* TASK TO CARRY OUT
Keep to one stretch of the data below, the lines from the one with "What's up, this" up to and including the one with "An example synchronization", and return that stretch exactly.

* MATERIAL FOR THE TASK
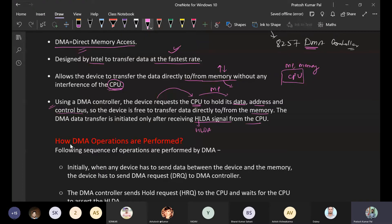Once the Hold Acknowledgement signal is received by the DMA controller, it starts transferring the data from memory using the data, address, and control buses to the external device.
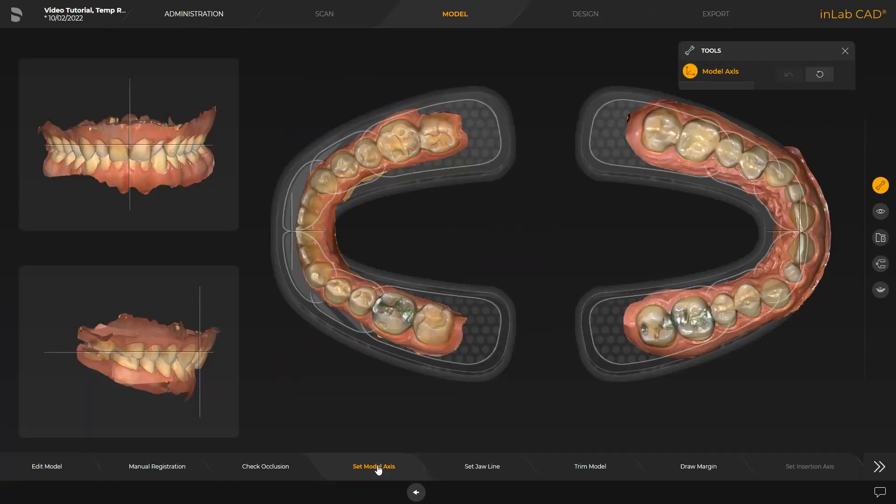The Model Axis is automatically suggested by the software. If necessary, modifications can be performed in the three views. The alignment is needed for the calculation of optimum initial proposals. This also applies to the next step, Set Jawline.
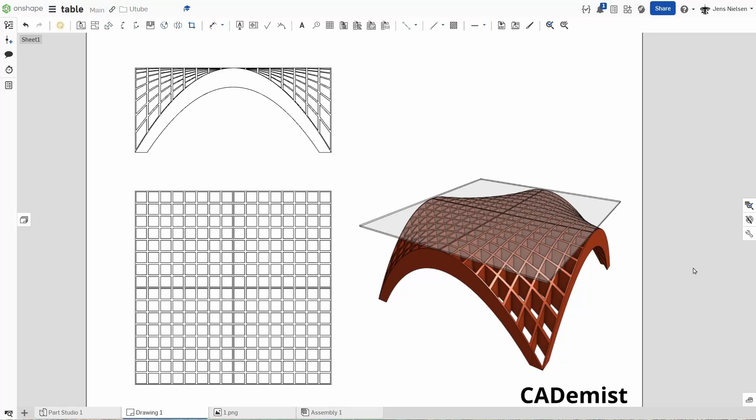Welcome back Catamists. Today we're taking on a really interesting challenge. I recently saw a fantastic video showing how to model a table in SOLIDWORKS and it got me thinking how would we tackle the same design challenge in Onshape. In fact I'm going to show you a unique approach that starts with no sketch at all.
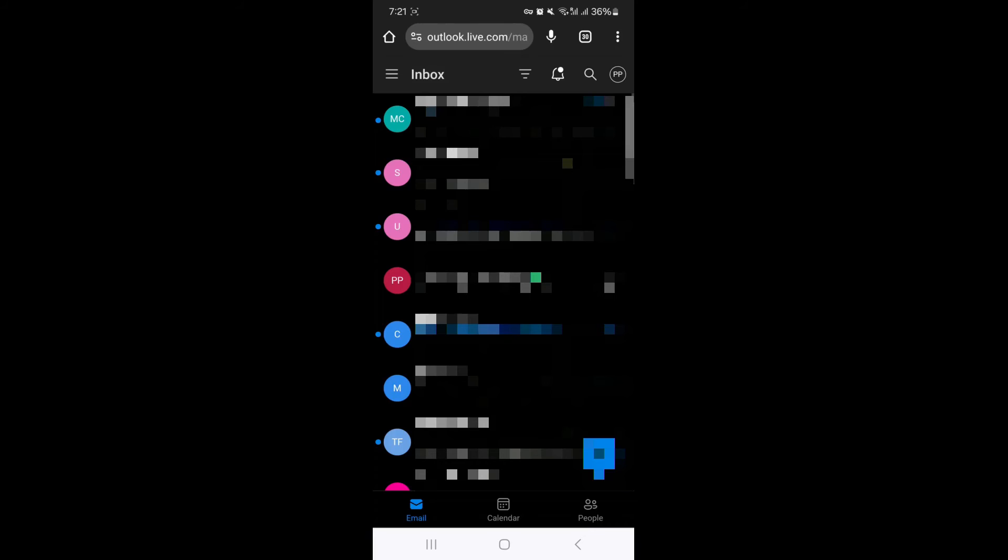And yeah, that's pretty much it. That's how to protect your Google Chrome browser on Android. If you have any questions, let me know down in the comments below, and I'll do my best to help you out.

==

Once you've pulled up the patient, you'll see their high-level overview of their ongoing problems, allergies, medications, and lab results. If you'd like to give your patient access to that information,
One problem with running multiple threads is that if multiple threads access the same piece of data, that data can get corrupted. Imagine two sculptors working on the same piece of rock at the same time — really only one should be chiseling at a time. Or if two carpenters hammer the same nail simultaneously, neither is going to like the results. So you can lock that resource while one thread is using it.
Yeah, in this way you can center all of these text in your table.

---

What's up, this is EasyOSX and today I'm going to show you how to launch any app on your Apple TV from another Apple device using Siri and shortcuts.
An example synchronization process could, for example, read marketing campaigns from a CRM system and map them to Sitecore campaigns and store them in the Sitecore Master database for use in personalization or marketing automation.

* RESULT
What's up, this is EasyOSX and today I'm going to show you how to launch any app on your Apple TV from another Apple device using Siri and shortcuts.
An example synchronization process could, for example, read marketing campaigns from a CRM system and map them to Sitecore campaigns and store them in the Sitecore Master database for use in personalization or marketing automation.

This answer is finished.